■ **DATA FOR PROCESSING**
----------------------------------------
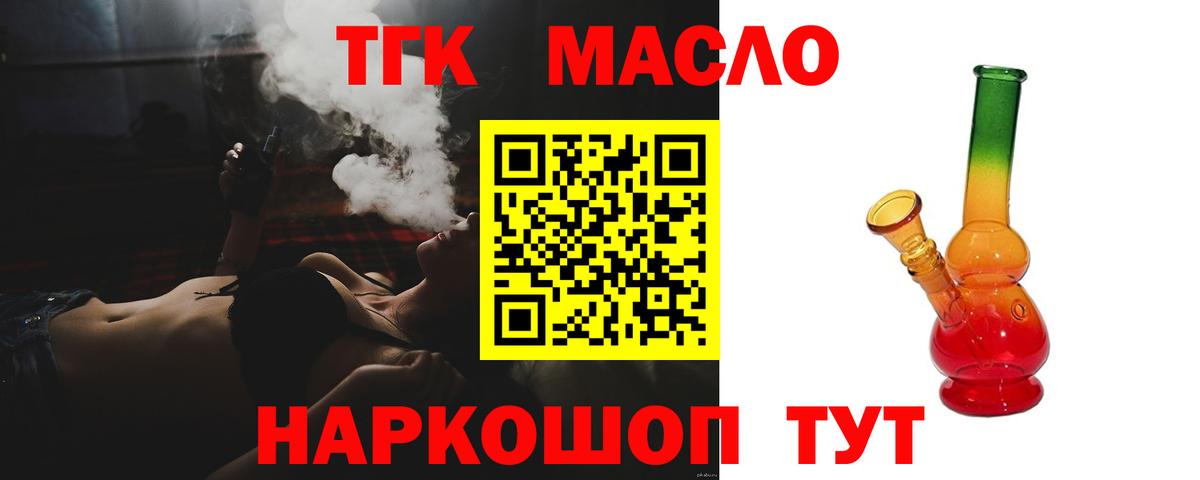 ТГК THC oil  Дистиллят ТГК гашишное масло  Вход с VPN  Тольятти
----------------------------------------
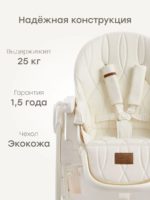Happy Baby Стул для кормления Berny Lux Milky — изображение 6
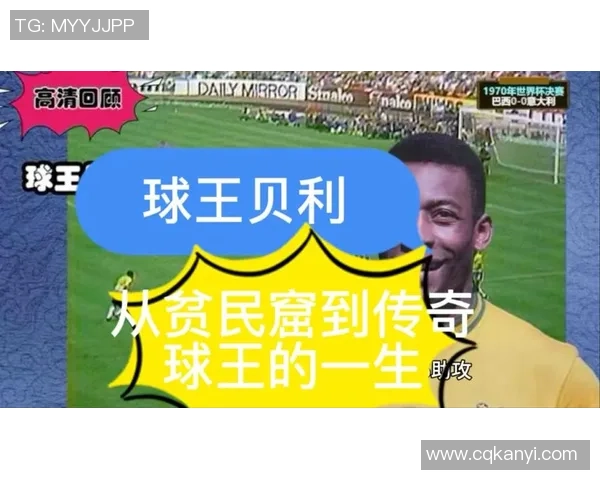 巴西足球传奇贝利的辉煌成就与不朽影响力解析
----------------------------------------
■ **EXERCISE INSTRUCTIONS**
"Happy Baby Стул" marks the first line to copy, and "巴西足球传奇贝利的辉煌成就与不朽影响力解析" marks the last. Repeat that stretch above exactly, with no pictures.

■ **ANSWER SPACE**
Happy Baby Стул для кормления Berny Lux Milky — изображение 6
 巴西足球传奇贝利的辉煌成就与不朽影响力解析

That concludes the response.